To help you get started, the instructor has provided you with the following skeleton code:

# Go to homework06 folder
$ cd homework06

# Download Makefile
$ curl -LO https://www3.nd.edu/~pbui/teaching/cse.20289.sp24/static/txt/homework06/Makefile

# Download Python skeleton code
$ curl -LO https://www3.nd.edu/~pbui/teaching/cse.20289.sp24/static/txt/homework06/miles.py

Once downloaded, you should see the following files in your homework06 directory:

homework06
    \_ Makefile       # This is the Makefile building all the assignment artifacts
    \_ miles.py       # This is the Python script for the miles script

DocTests

You may notice that in addition to the usual comments and TODOs, the docstrings of each method also contains a few doctests.

You are not to modify these doctests and must keep them in-place.

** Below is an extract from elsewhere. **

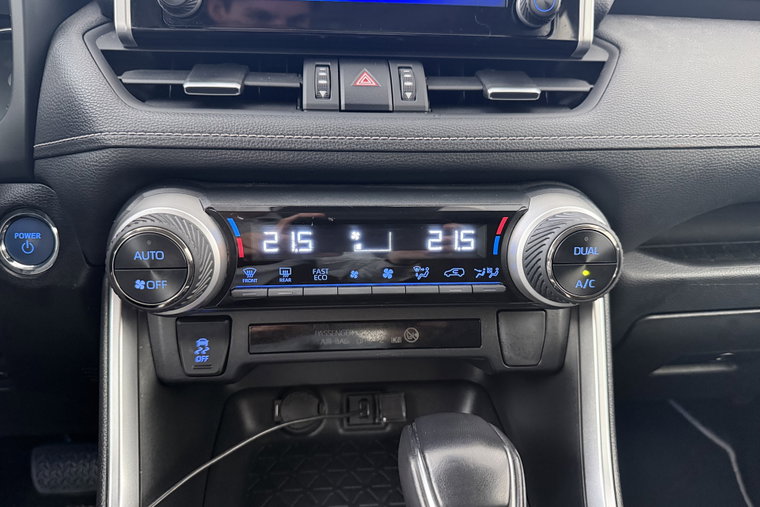 Vehicle Image 22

They are used to verify the correctness of your code.

Your code goes below the docstrings, where the TODO and pass commands are (you may remove the pass once you complete the method).

Task 2: Initial Import

Now that the files are downloaded into the homework06 folder, you can commit them to your git repository:

$ git add Makefile                            # Mark changes for commit
$ git add *.py
$ git commit -m "Homework 06: Initial Import" # Record changes

Task 3: Unit Tests

After downloading these files, you can run the make command to run the tests.

# Run all tests (will trigger automatic download)
$ make

You will notice that the Makefile downloads these additional test data and scripts:

homework06
    \_ miles.test           # This is the Python test for the miles script

In addition to the embedded doctests in the skeleton code, you will be using these unit tests to verify the correctness and behavior of your code.

Automatic Downloads

The test scripts are automatically downloaded by the Makefile, so any modifications you do to them will be lost when you run make again. Likewise, because they are automatically downloaded, you do not need to add or commit them to your git repository.

The details on what you need to implement for this assignment are described in the following sections.

Frequently Asked Questions

Activity 1: Miles (10 Points)

For the first activity, you are to write a script called miles.py, which acts a small web crawler that does the following:

  1. Extract URLs: miles.py will scan a given website for specified media files such as JPGs, MP3s, PDFs, and PNGs using regular expressions.

  2. Process Pool: miles.py will take advantage of functional programming and a process pool to distribute the found media files to multiple processes.

  3. Download URLs: miles.py will download the found media files concurrently to a destination folder.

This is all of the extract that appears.